ENTRIES SUPPLIED START
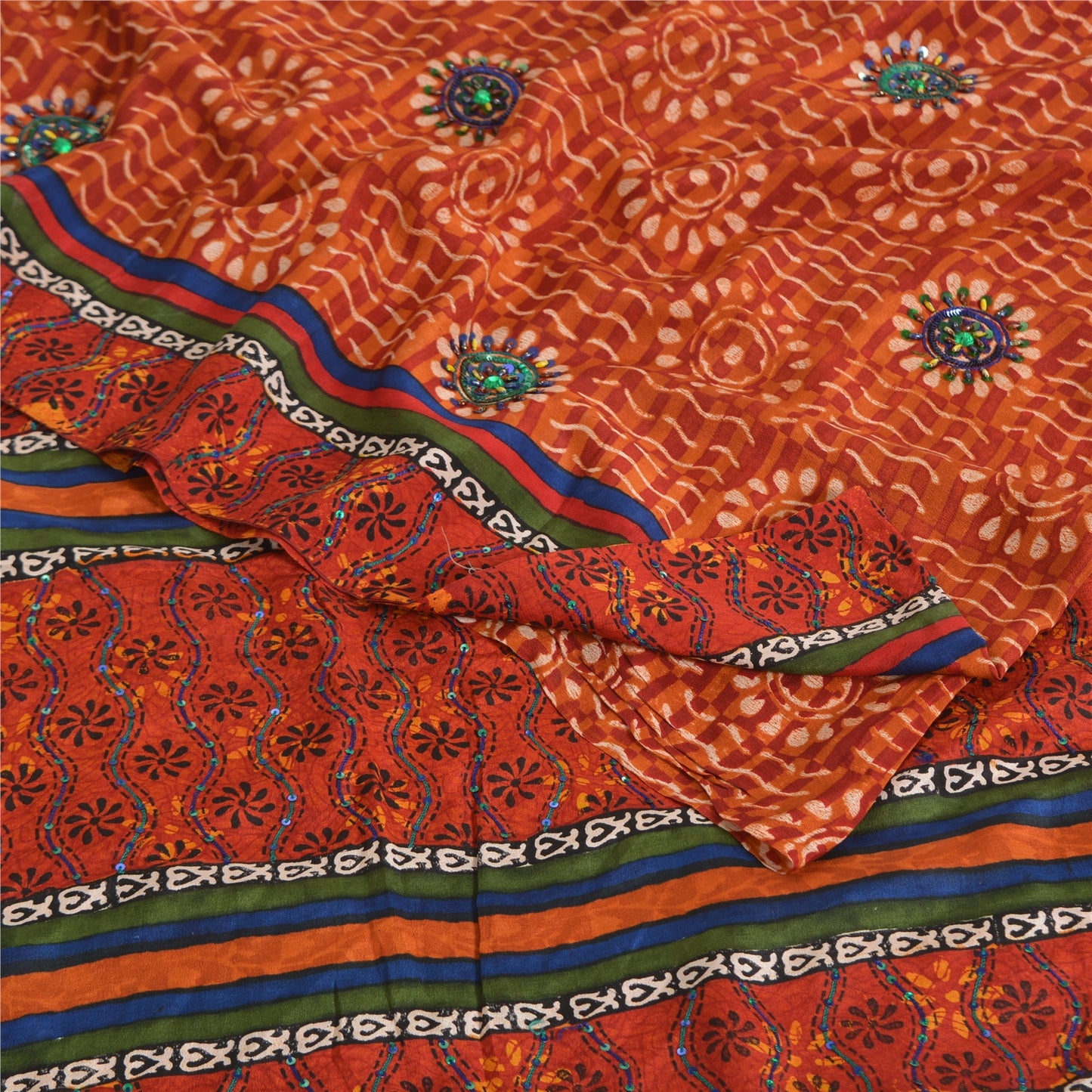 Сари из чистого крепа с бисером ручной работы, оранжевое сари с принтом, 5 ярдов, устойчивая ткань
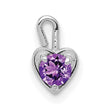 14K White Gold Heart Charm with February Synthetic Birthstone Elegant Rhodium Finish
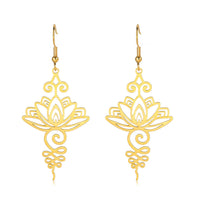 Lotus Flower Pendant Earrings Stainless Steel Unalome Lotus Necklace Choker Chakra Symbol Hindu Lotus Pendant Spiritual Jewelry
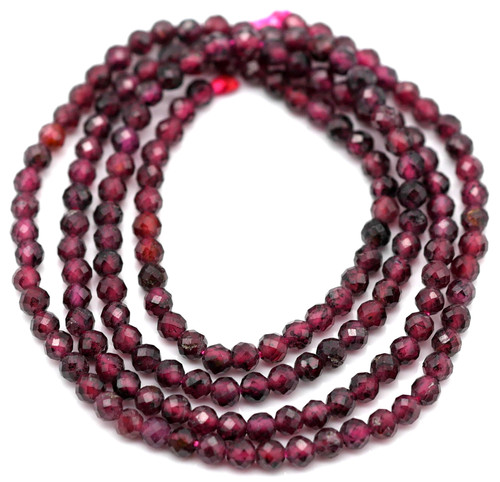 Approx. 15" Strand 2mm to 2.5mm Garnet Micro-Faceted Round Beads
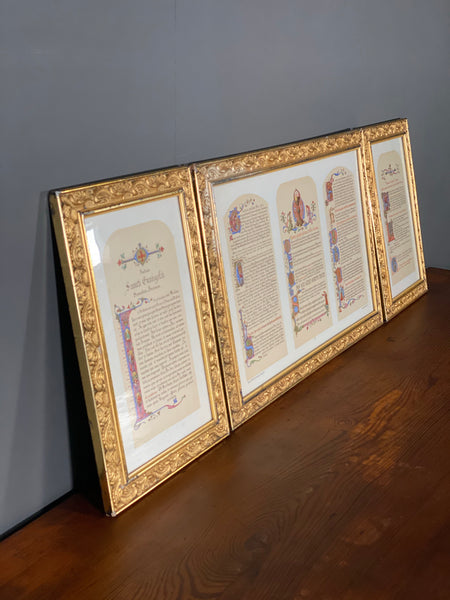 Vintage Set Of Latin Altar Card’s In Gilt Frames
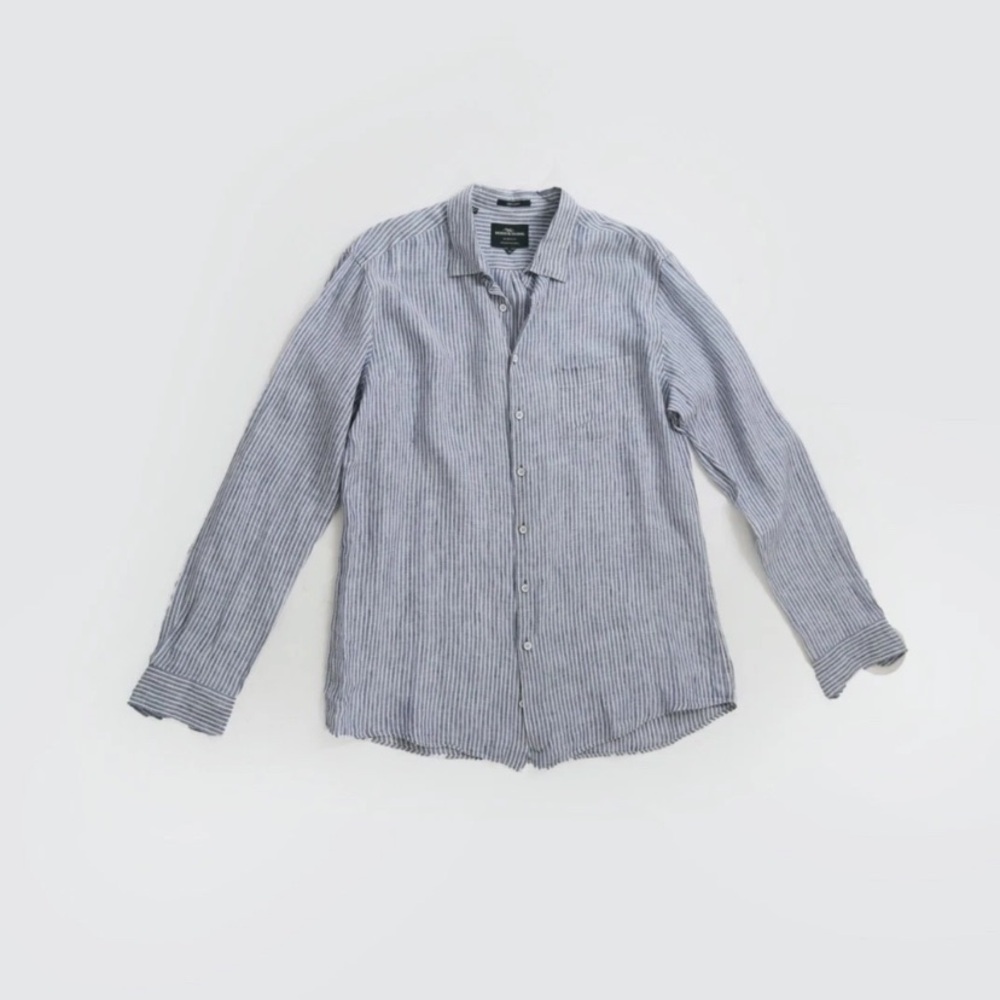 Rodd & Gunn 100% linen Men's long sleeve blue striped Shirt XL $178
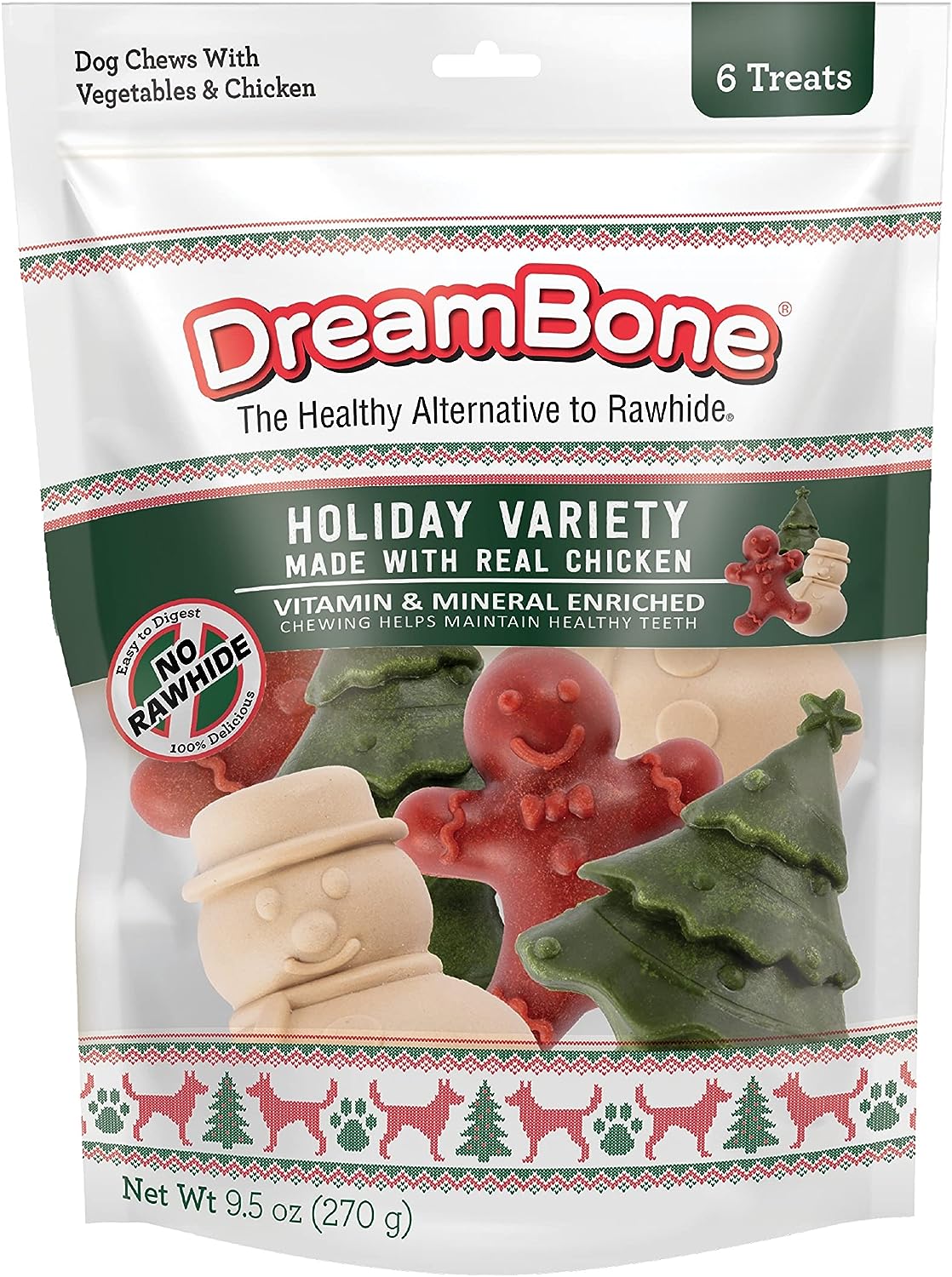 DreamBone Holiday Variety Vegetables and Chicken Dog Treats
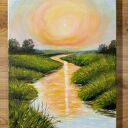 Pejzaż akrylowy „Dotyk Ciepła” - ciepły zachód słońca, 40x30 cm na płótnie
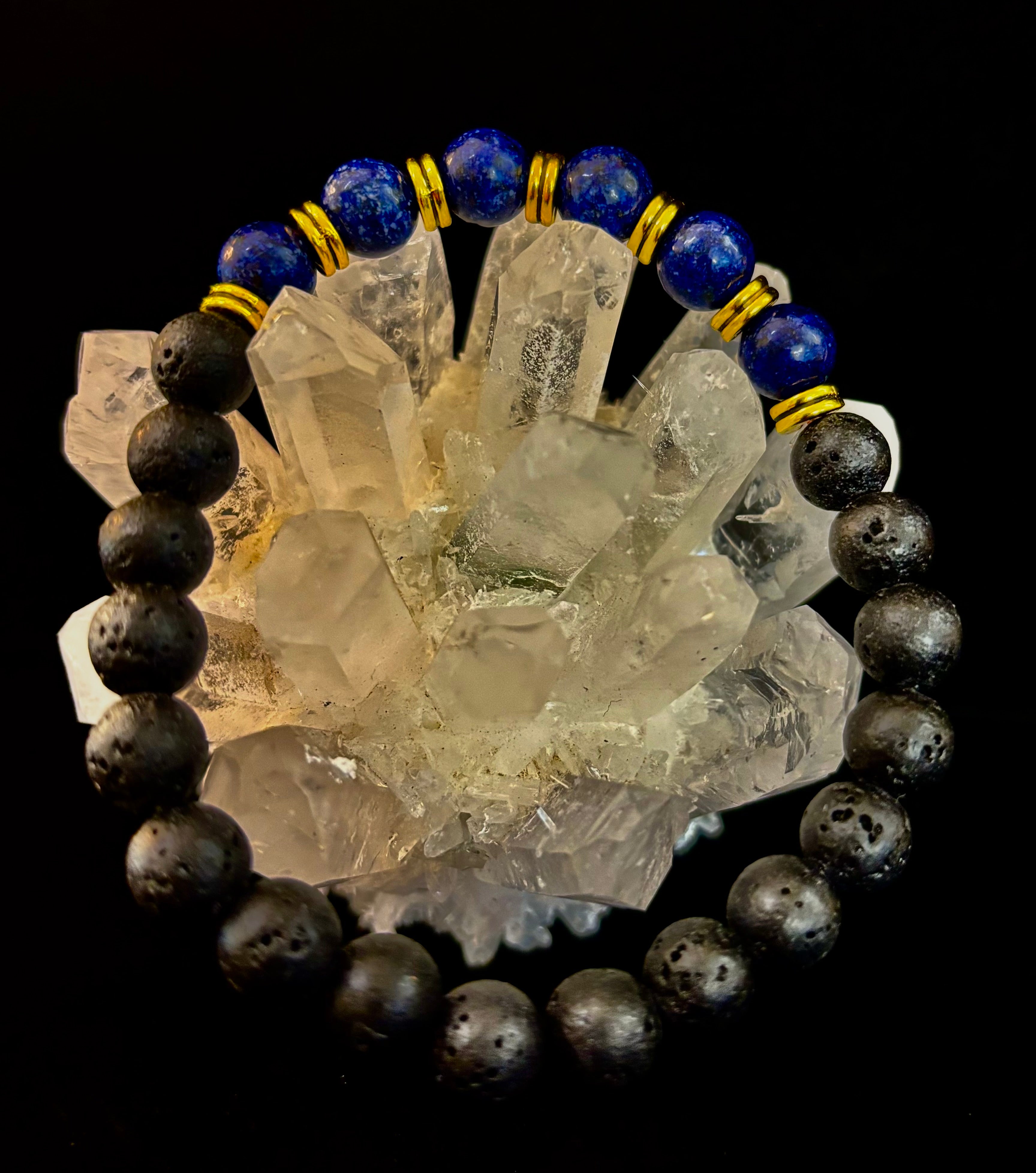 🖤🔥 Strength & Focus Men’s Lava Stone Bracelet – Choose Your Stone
ENTRIES SUPPLIED END
- _WHAT THE TASK REQUIRES_: Set down the line containing "Rodd & Gunn" and every line after it up to the end of the material, exactly as written, but not the pictures.

- _ANSWER TO THE PROBLEM_:
 Rodd & Gunn 100% linen Men's long sleeve blue striped Shirt XL $178
 DreamBone Holiday Variety Vegetables and Chicken Dog Treats
 Pejzaż akrylowy „Dotyk Ciepła” - ciepły zachód słońca, 40x30 cm na płótnie
 🖤🔥 Strength & Focus Men’s Lava Stone Bracelet – Choose Your Stone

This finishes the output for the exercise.